The Priory d’Orsan is an unusual stop along the road south through the Loire Valley. Founded in the 12th century by Robert d’Arbrissel Abbot of Fontevraud Abbey and occupied by nuns for four centuries, the Priory was burned and sacked in 1569 during the wars of religion. In the confusion the nuns fled and took refuge in a nearby castle.
When tempers calmed the nuns returned and the Priory was rebuilt by the Bourbons. It then endured until the Revolution when it was seized by the French state, the nuns were expelled and likely joined the flight of religious from all of France to safety in England, then France’s arch enemy.

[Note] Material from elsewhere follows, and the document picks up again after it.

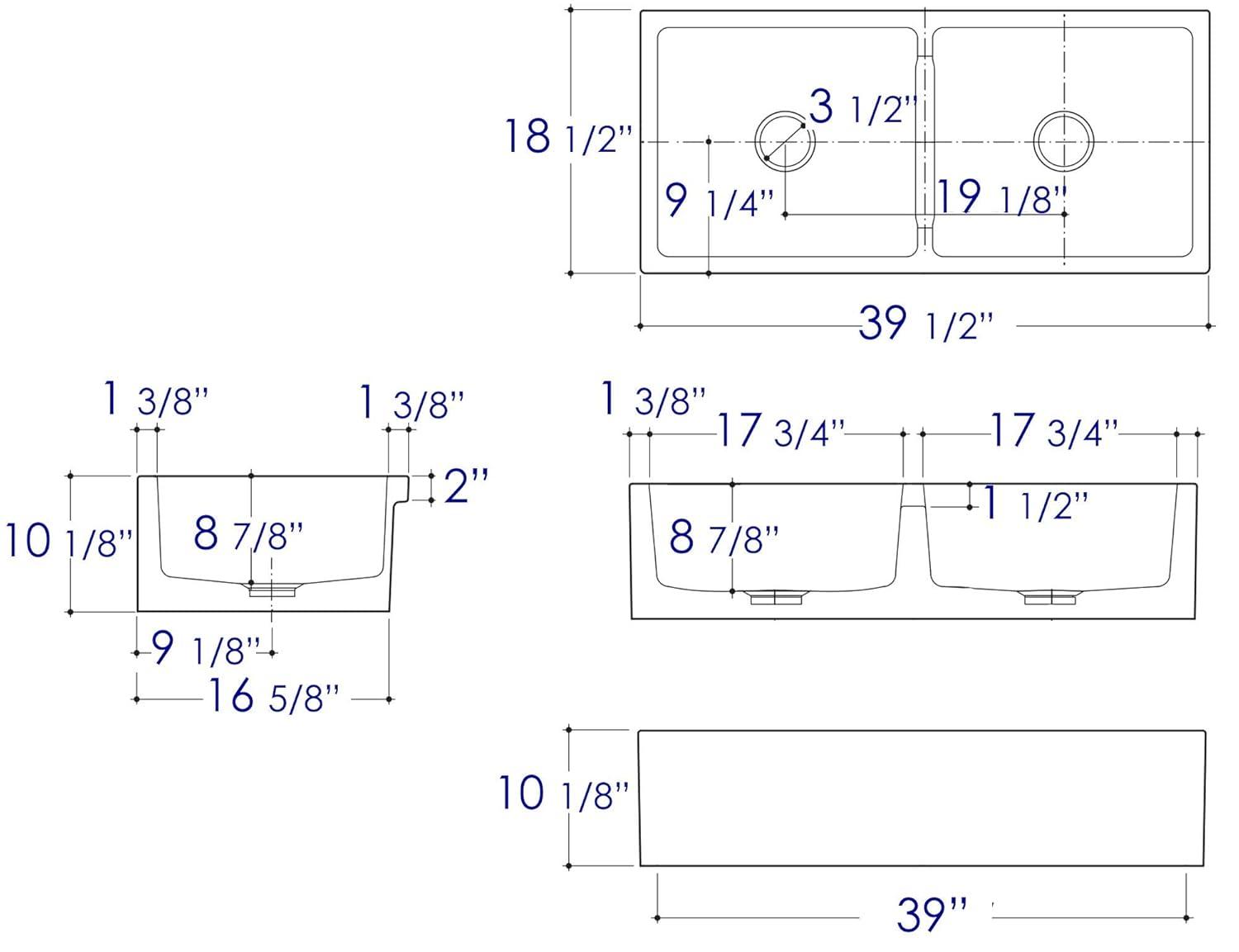 39.5'' L Farmhouse / Apron Double Bowl Fireclay Kitchen Sink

The English blockade of the coast prevented the forced expatriation of French Priest to prison farms in Guyana.
In 1991, only four buildings remained of the Orsan Priory; The church, the cloisters and the mill had been destroyed and their stones used for agricultural constructions. Two architects, Patrice Taravella and Sonia Lesot, bought the priory in a dilapidated state and began to renovate it. In the place of the former church the owners have constructed a fascinating formal garden with many outside “rooms” through which one may wander.
The Priory also offers a restaurant and a tea room, neither of which were open the day we visited. We were happy to spend a few hours wandering through garden after garden, enjoying the beautiful sunny day and reflecting on the nuns who walked those grounds over four hundred years before and enjoying the peaceful space constructed there.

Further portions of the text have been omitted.